10 ounces (2 1/4 cups) semisweet or bittersweet chocolate, chopped
3/4 cup dried apricots, chopped
3/4 cup whole unblanched almonds, toasted
Place chocolate in 1-quart wide-mouth jar.
Place apricots into small plastic zip-type bag. Seal bag. Place bag in jar. Layer almonds in jar over apricots. Seal jar.
Decorate jar and attach the following instructions on a gift tag:
Dark Chocolate, Apricot and Almond Bark
Makes about 3 dozen pieces.
Contents of jar mix
Combine almonds and apricots from jar mix in mixing bowl. Line baking sheet with wax paper.
Melt 3/4 of chocolate from jar mix in top of double boiler over hot water or in microwave oven on LOW for 30-second bursts.
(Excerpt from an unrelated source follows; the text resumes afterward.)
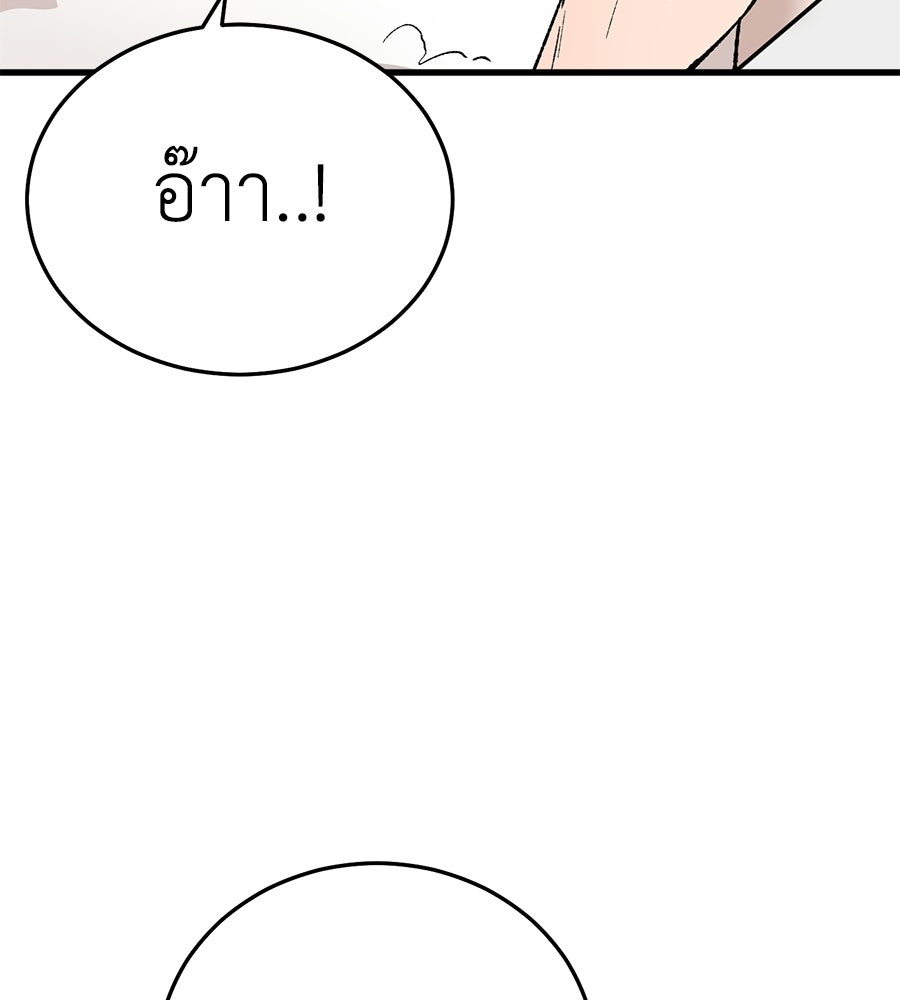 บ้านหลังนั้น...ฉันคือเธอ - หน้า 135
Stir chocolate frequently as it melts.
Remove top pan of double boiler and wipe bottom and sides of pan dry to prevent any water mixing with chocolate and causing it to seize. Alternatively, remove melted chocolate from microwave. Stir in remaining quarter of chocolate in three batches, making sure each batch is melted before adding the next.
Stir in almond and apricot mixture, coating completely with chocolate. Turn mixture out onto pan. Spread with spatula to cover wax paper. Refrigerate for 30 minutes.
Peel wax paper off back of bark. Break or cut bark into pieces about 1 to 1 1/2 inches square.
Store in airtight container between sheets of wax paper at cool room temperature for up to 2 weeks.